[[ Data extract open ]]
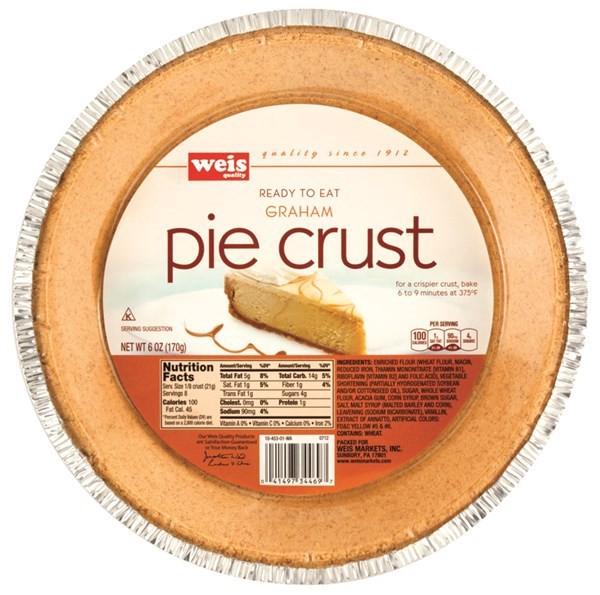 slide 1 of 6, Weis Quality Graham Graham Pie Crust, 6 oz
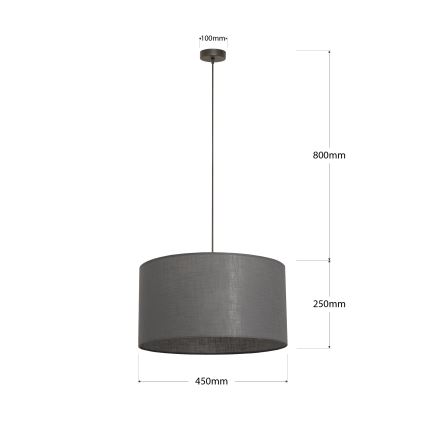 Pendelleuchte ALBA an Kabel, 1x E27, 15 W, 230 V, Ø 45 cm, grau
[[ Data extract closed ]]
[[ Data extract open ]]
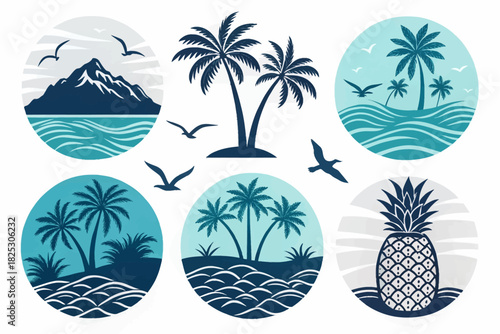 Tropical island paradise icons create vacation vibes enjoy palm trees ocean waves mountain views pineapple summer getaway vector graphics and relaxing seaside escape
[[ Data extract closed ]]
[[ Data extract open ]]
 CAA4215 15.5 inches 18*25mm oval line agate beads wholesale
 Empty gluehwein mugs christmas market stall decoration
[[ Data extract closed ]]
Leaving pictures out, output the lines of the data above from the one with "slide 1 of 6, Weis" through the one with "Pendelleuchte ALBA an", word for word.

◆ Written answer:
 slide 1 of 6, Weis Quality Graham Graham Pie Crust, 6 oz
 Pendelleuchte ALBA an Kabel, 1x E27, 15 W, 230 V, Ø 45 cm, grau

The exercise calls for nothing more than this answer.